Hey all,
Im looking to buy a fisheye lens for my Nikon D40 and I was thinking this looked a good deal (http://cgi.ebay.co.uk/BLACK-0-42X-HD-FISHEYE-LENS-FOR-NIKON-D50-D40-D40X-D80_W0QQitemZ130305773448QQcmdZViewItemQQptZCamera_Lenses?hash=item130305773448&_trksid=p3286.c0.m14&_trkparms=72%3A1683%7C66%3A2%7C65%3A12%7C39%3A1%7C240%3A1318%7C301%3A0%7C293%3A1%7C294%3A50). Can anyone advise me before I commit to buying it? Im looking to use it with the stock lens and take exposures of a cliff-face. The idea being to fit the area (landscape) onto the page - as opposed to the artistic reasons.
Cheers
ERU
I might be being a photography noob again, but could the same effect be had using a photo stitching program? Or will the fact youd be focusing long distance, then close, and then long again as you pan, negatively effect the outcome?
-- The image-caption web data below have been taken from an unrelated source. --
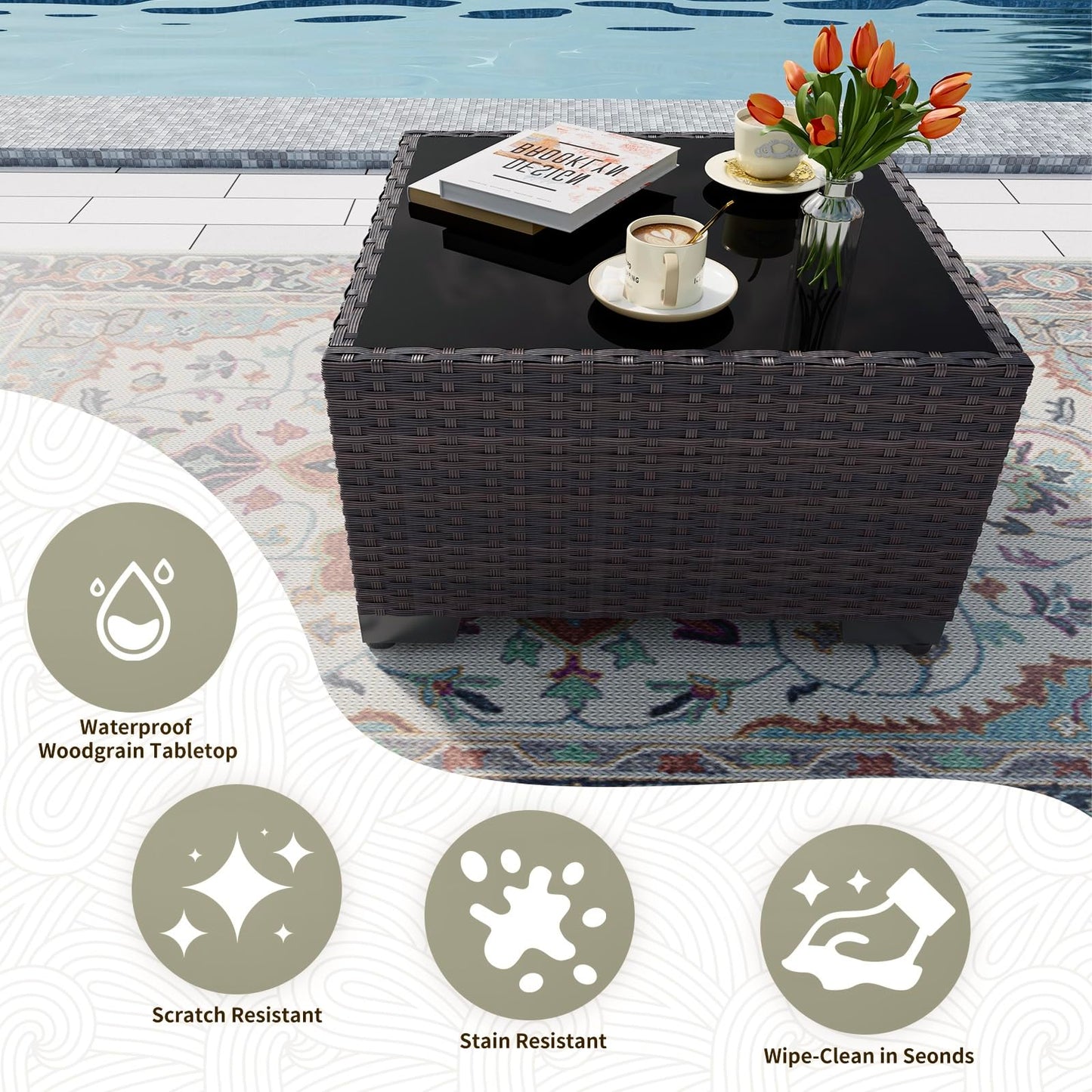 Gotland 13PCS Outdoor PE Rattan Wicker Patio Furniture Set with 43" Fire Pit Table & Swivel Rocking Chairs Set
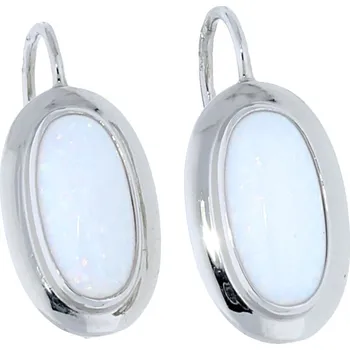 Náušnice Goldstore Oválné bílé zlato náušnice opál Váha: 2.67 g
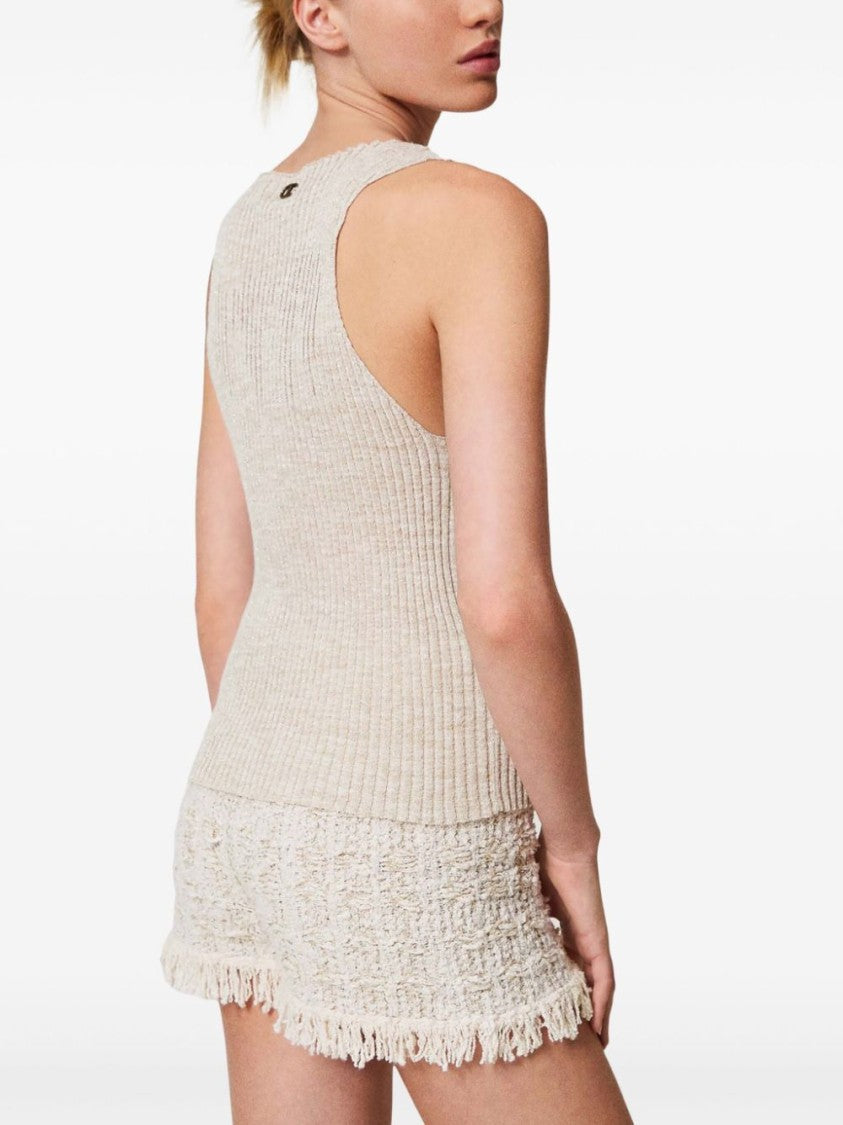 Twin-Set Fitted Linen Top With Ribbed Texture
Id have thought itd distort the image sort of in the same way a fisheye lens would?
I have no idea but this (http://www.southwalesmountaineering.org.uk/g_book/index.php/File:Mount_pleasant.jpg) is the effect I am after:
(http://www.southwalesmountaineering.org.uk/g_book/index.php/File:Mount_pleasant.jpg)
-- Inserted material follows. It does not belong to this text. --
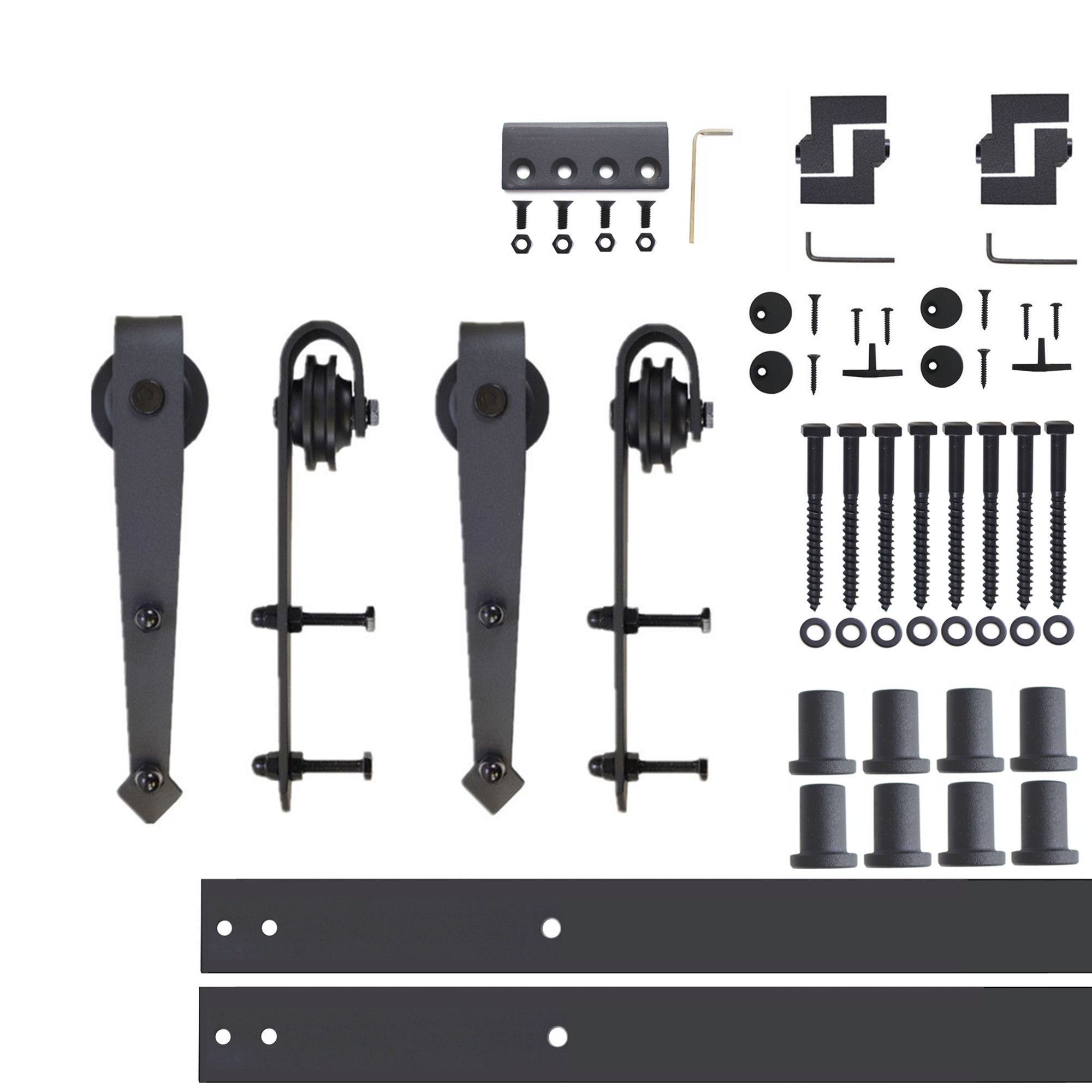 HOMACER 132-in Rustic Black Indoor J-strap Double Barn Door Hardware Kit YT2TGH132C Sansujyuku sansujyuku.com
Id say in that case you should be able to save yourself some money (even though the lenses are cheapish) and just follow the advice the photo gurus here gave me in the thread about photo stitching a few weeks ago :D
It really is pretty straight forward, and easy to see if itll do what you want. Download hugin and install it. Then go find a sizeable wall and set yourself the distance you want to be away from it. Then just take a series of pictures covering the whole area. Follow the wizard in hugin, and with any luck itll do the rest for you. If not its a simple enough (but a little time consuming) job of matching up the points that are in 2 or more photos. Hopefully youll then be able to see if it does what you want :)
fisheyes are pretty specialist, that shot looks more like regular wide angle to me in which case Zpyder may well be right.
Right Hugin (http://hugin.sourceforge.net/)it is then :)
I also have Photoshop CS3 but dont have the time to learn it at the moment. Hugin (http://hugin.sourceforge.net/)may well be what I need. Off out to practice now :)
Quote from: ERURight Hugin it is then :)
I also have Photoshop CS3 but dont have the time to learn it at the moment. Hugin may well be what I need. Off out to practice now :)
forget hugin, photoshop stiches pics for you as of cs2 and it does a pretty good job of it. you dont have to do any of that manual stuff described above.
Matt
Considering I went from doing it in PS to hugin, Id say there are very good reasons for using Hugin, not least the fact that the end results are much much better, even in fully auto mode.
You can do everything you can do in PS, and more, and better, in Hugin. PS may be an iota easier to use, but that extra effort is worth it tbh.
with the automatic cleverness in the latest version of hugin I see no reason to consider using anything else.